Conservative activist Seth Grossman is seriously contemplating a challenge to popular New Jersey Gov. Chris Christie in the state’s June 4 Republican primary. It’s a daunting task.
Grossman, an Atlantic City lawyer and radio talk show host, said that he will make his decision shortly.
A former city councilman and Atlantic County freeholder — a post he held from 1989 to 1991 — Grossman currently serves as executive director of Liberty and Prosperity, a Tea Party-affiliated nonprofit organization founded in 2003. He is also the founder of the Chelsea Neighborhood Association, Atlantic City’s oldest and largest neighborhood civic group.
Grossman is a longtime ally of tax crusader and immigration foe Steven M. Lonegan, both of whom were briefly arrested in January 2008 when they were protesting Gov. Jon Corzine’s unpopular proposal to reduce the state’s debt by enacting sharp toll increases. Township officials where the arrest occurred later apologized and the charges were dropped.
The longtime citizen-activist also wrote the foreword to Lonegan’s book, Putting Taxpayers First, which was published that same year, and vigorously supported the former Bogota mayor’s spirited bid for governor in the state’s 2009 Republican primary, a hotly-contested race that Christie — carrying all but 2 of the Garden State’s 21 counties — won by more than 43,000 votes.
Lonegan, who is legally blind, now heads the New Jersey chapter of the Koch brothers-funded Americans for Prosperity.
Even if it’s only a symbolic protest candidacy, Grossman sounds serious about mounting a challenge to the popular incumbent.
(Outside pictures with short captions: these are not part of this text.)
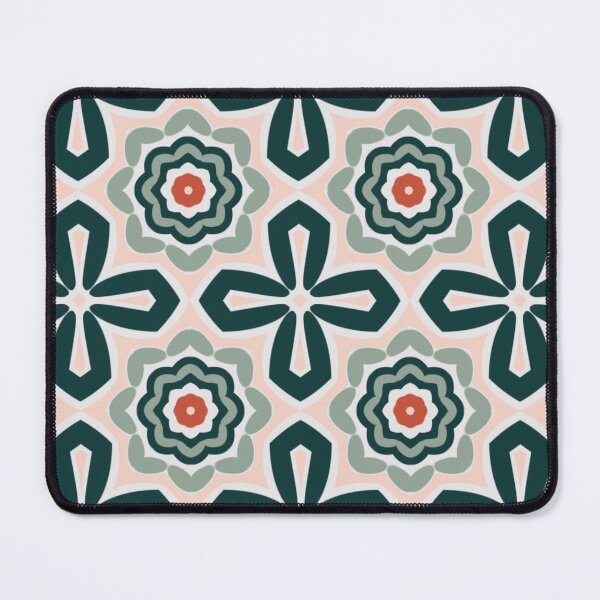 Item preview, Mod floral greens and pink designed and sold by Lia Zarpin.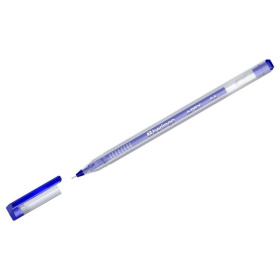 Ручка гелевая Berlingo Apex синяя, трехгранная, игольчатый стержень, одноразовая, 0.5 мм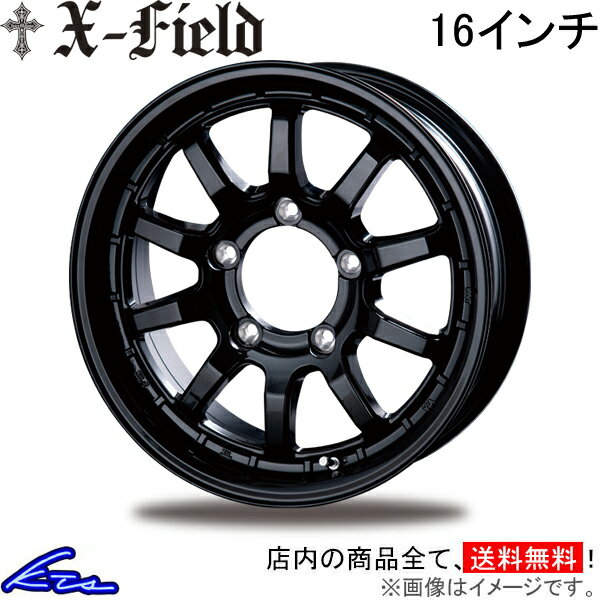 ジムニー JB23W アルミホイール インターミラノ クロスフィールドα【16×5.5J 5-139 INSET20 BK】INTER MILANO BEST ベスト X-FIELD アルファ 16インチ 5穴 139.7 +20 インセット20 Jimny 車用ホイール 1本 4本セット 1台分 一台分 1枚 4枚【店頭受取対応商品】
In fact, he’s already established a campaign web site where, among other things, he promises to repudiate most of the state’s $240 billion debt because it wasn’t approved by the voters while capping public pensions at $50,000 per year and clamping down on illegal immigration and corporate welfare, the latter of which — according to the New York Times — has run rampant during Christie’s first three years in office.
Under Christie, who seems more than content to mortgage the state’s future for his own political gain — a point Grossman regularly drives home to his listeners — New Jersey has become something of a feeding trough for wealthy corporations. As of last spring, the Republican governor had already doled out a record $1.6 billion in subsidies to corporations, including a $251 million handout to Prudential Financial for moving into a new building only four blocks away. It was probably the most expensive move in American history.
They should have called U-Haul, quipped one of the governor’s critics.
“Why would any Republican in his right mind want to support Chris Christie?” asked Grossman, a graduate of Duke University who earned his law degree from Temple University in Philadelphia. “Republican voters deserve a choice.”
He’s right, of course.
If he decides to give it a whirl, the 63-year-old Grossman will have a difficult road ahead given Christie’s overall approval rating of 74 percent, including a whopping 93 percent among Republicans, but this would be a fun and entertaining race to watch — a genuine David vs. Goliath struggle.
UPDATE: In a press release issued late Friday evening, Grossman said that he intends to enter the race and will make his formal announcement Tuesday morning, February 12, at 10 a.m. in front of the Revel Casino in Atlantic City. A second event will be held in Newark later that afternoon.